Moacir Chaves assina a dramaturgia e a direção, estando o elenco formado por
Alberto Magalhães, Cândido Damm, Cláudio Baltar, Claudio Mendes, Josie Antello
e Orã Figueiredo.
Embora o parágrafo acima possa sugerir que
“Bugiaria” tenha como principal objetivo relatar fatos históricos, a proposta
do grupo visa fundamentalmente estabelecer relações que possibilitem um olhar
crítico. Assim, se por um lado a platéia tem acesso a informações sobre
passagens de nossa História, ao mesmo tempo a forma de narrá-las
invariavelmente contém uma opinião – nem sempre unânime, pois não raro a
postura do narrador é discreta ou acintosamente contestada pelos demais.

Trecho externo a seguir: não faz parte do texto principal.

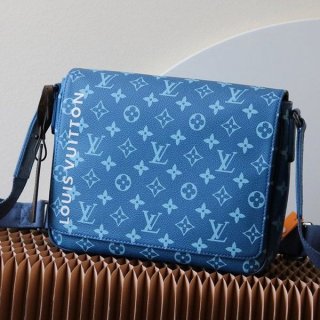 Louis Vuitton District Replica PM NV3 M23785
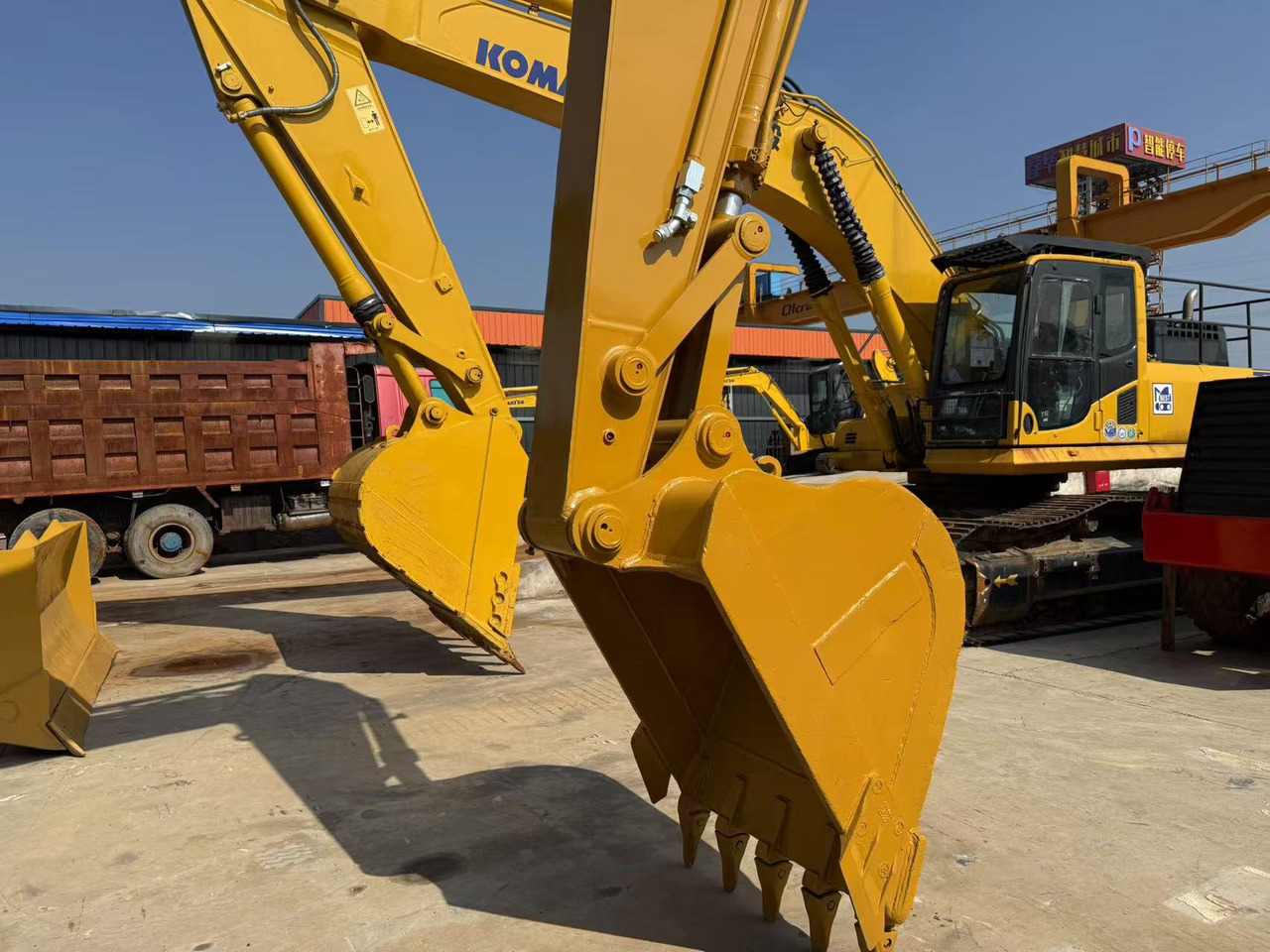 CATERPILLAR 320C - Верижен багер: снимка 4 CATERPILLAR 320C - Верижен багер: снимка 4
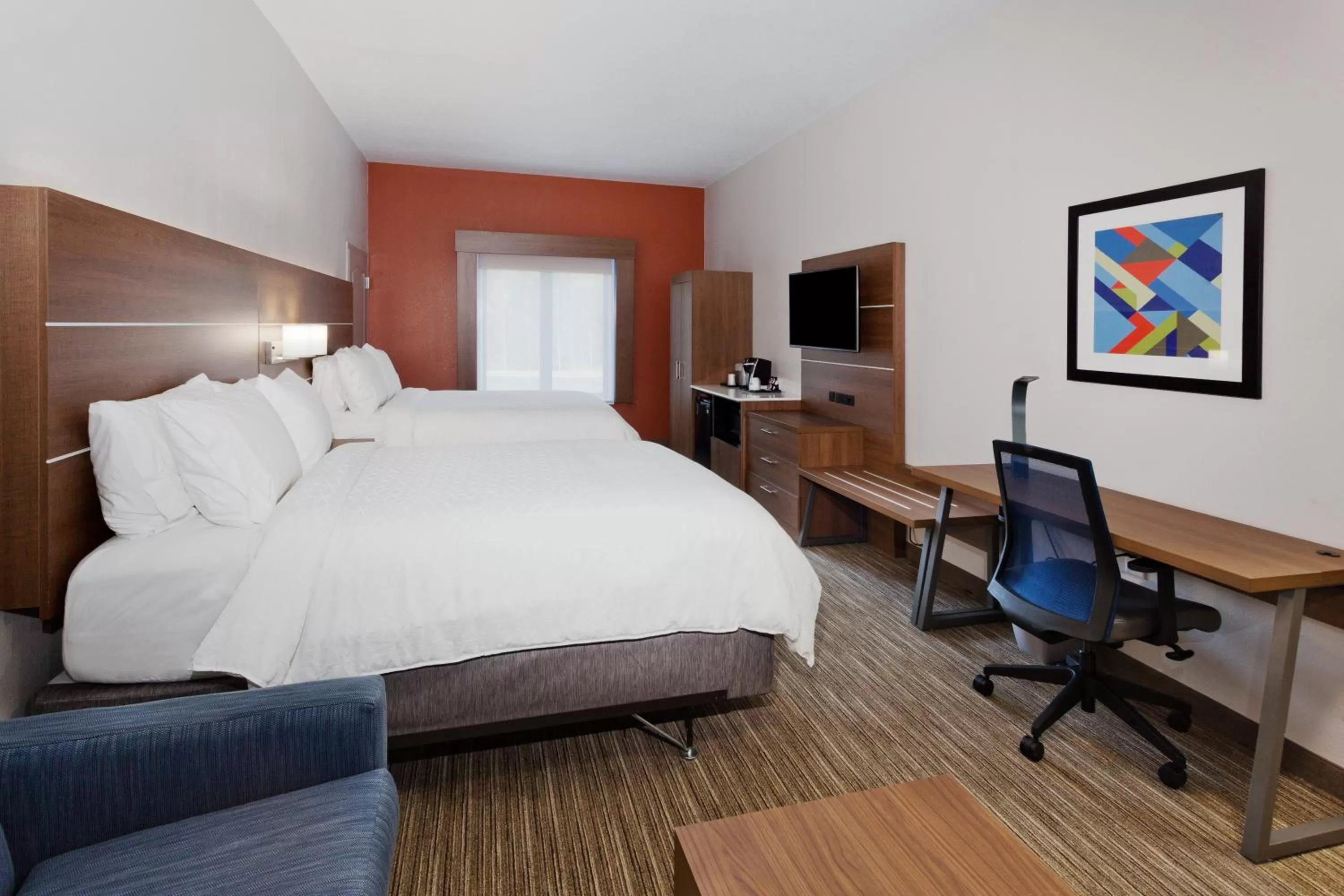 Photo of the whole room, Bed in Holiday Inn Express Rome-East by IHG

Quando se trata de assumir personagens, os atores o
fazem com óbvio distanciamento, deixando evidente que recursos expressivos
estão sendo acionados, muito mais do que uma busca de resultados a partir do
surrado processo de identificação. Na realidade, Moacir Chaves e seu grupo
estão contando uma história, sem dúvida, mas pondo em evidência – e em
discussão – o papel do teatro, do ator contemporâneo e das relações entre palco
e platéia.
Tal objetivo é extremamente oportuno, já que a cena
carioca passa por um momento crítico: ao mesmo tempo em que o público comparece
cada vez menos às casas de espetáculo, quando o faz quase sempre se depara com
um prolongamento da estética televisiva.
Portanto, acredito piamente que a platéia aplaudirá
com entusiasmo o engraçadíssimo e original espetáculo desta irreverente trupe.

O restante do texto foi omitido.